I’m not sure whether I’ve always been like this, but one thing’s for sure; midlife has brought my struggles with the polar opposites of impulsivity and indecision into sharp focus.
I’ve always thought I’m well attuned to intuition, using it as a handy early warning system for life’s more minor challenges; from navigating friendships to which colour jacket to buy. It’s usually served me well. I’ve dodged a few proverbial bullets because of it, and I’m pretty sure it’s helped me avoid some questionable wardrobe choices as well. So far, so trivial.
Here’s the problem; this ‘guiding light’ seems fade into the background when it comes to making the really big decisions; vanishing faster than an ice cube in a heatwave. You know, the life-changing stuff like whether to leave a relationship, how to make a living after redundancy. The biggies.
It’s like someone turned down the volume on my inner voice. All of a sudden, I find it impossible to pick a path, or stick to it. My default position when this happens is to rely on external opinion. Decision by committee. I’ll survey friends, family, Reddit, TikTok tarots, and even the dog, in the search for the ‘right’ answer. Anything except use my own wonky internal sat nav.
I’ve spent thousands looking for the answers; coaching and courses, basically anything to do with self-discovery or a gentler way to make a living will catch my beady eye. And I’m an absolute sucker for the next ‘get rich quick’ scheme. Spoiler alert: they never work. Most of 2025 has been dedicated to my quest for so-called passive income. What an absolute joke that is. Yes, my books technically qualify as passive products, but let’s not forget the absolute toil of getting them out there in the first place. There are no quick solutions here, despite what the internet gurus would have us believe.
When it comes to the big stuff, I veer wildly between impulsivity (which I’ll tell myself is definitely my intuition speaking this time), and rigid indecision. Fight or flight perhaps? When I’m stuck in the quicksand, external influence takes over from my own sense of what feels right. I’ll listen intently to all advice, often taking it as gospel, when actually, it is only someone else’s opinion, tainted by their mindset, life experiences, personality and whether they’re in a good or bad mood that day. It’s all so fragile. Less than 24 hours later, I’ve usually done a complete 360 and changed my whole outlook and opinion on the thing I was convinced at the time was the right decision. GAAAH!
Honestly though, why would a friend – even a really close one – know what’s right for me when I can’t see or feel it for myself? How can anyone possibly know? Truth is, they can’t and nor can I. As the saying goes, the only certainties in life are death and taxes.
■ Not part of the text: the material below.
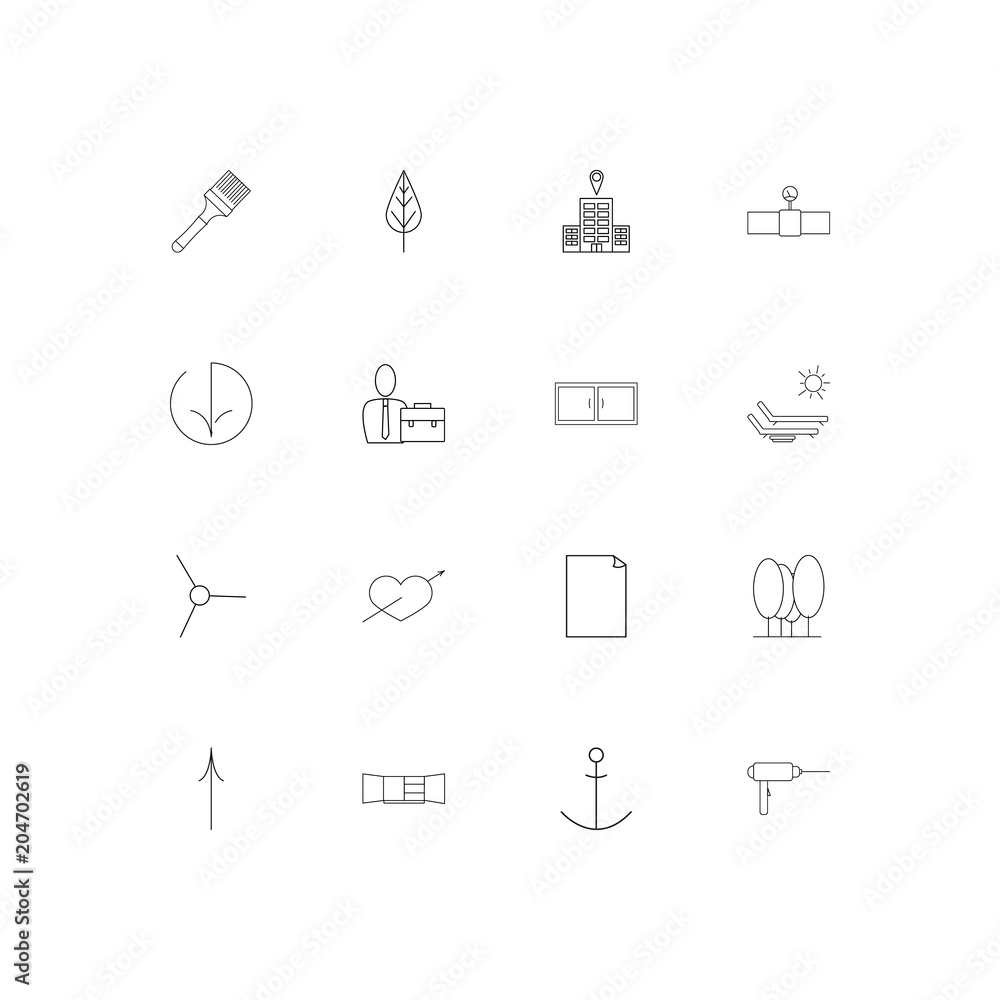 Industry linear thin icons set. Outlined simple vector icons Industry linear thin icons set. Outlined simple vector icons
The rest is up to us.
When impulsivity reigns, I feel free, wild, maverick. It’s my fuck it moment; one I usually end up regretting when it inevitably impacts my bank account. It’s part of being neurodivergent, I know that. But somehow, knowing this makes it even harder to have an ounce of trust in myself. It’s almost as though intuition was always a wolf in sheep’s clothing.
And when you can’t trust yourself, you end up chasing your tail in a tunnel of indecision. To break that pattern it’s back to straw polls with friends, or even complete strangers. Surely someone must know what I should do with my life? Because, apart from knowing I have to write, it sure as hell isn’t me.
I’m not sure what’s worse; impulsivity or indecision. Both can be equally destructive. Impulsivity at least feels like forward motion, even if it is the wrong kind sometimes. Indecision is something that’s snuck up on me more and more as I face the new challenges midlife has gifted me. I’ve bumbled along for 30 years on the conveyor belt of life. From leaving university, securing my first job and property, to marriage and having children, there’s always been that next logical step to take.
So when redundancy, selling the family home and moving to a new area poked me in my 50-something eye, I realised I was completely untethered for the first time in my life. No guide rails, no training wheels. Just the sheer terror of how to navigate the next (hopefully) decades of my life.
My world has transformed both on a macro and a micro level. At least when I had a job, a house and young kids, I knew where I was, even if I sometimes didn’t like the idea of being ‘stuck’. Now that the kids are adults, I have lost my job and I no longer own property, it feels like I’m running barefoot on jelly. Maybe I just need to get comfortable with being uncomfortable, until such time as my internal radar can reset itself.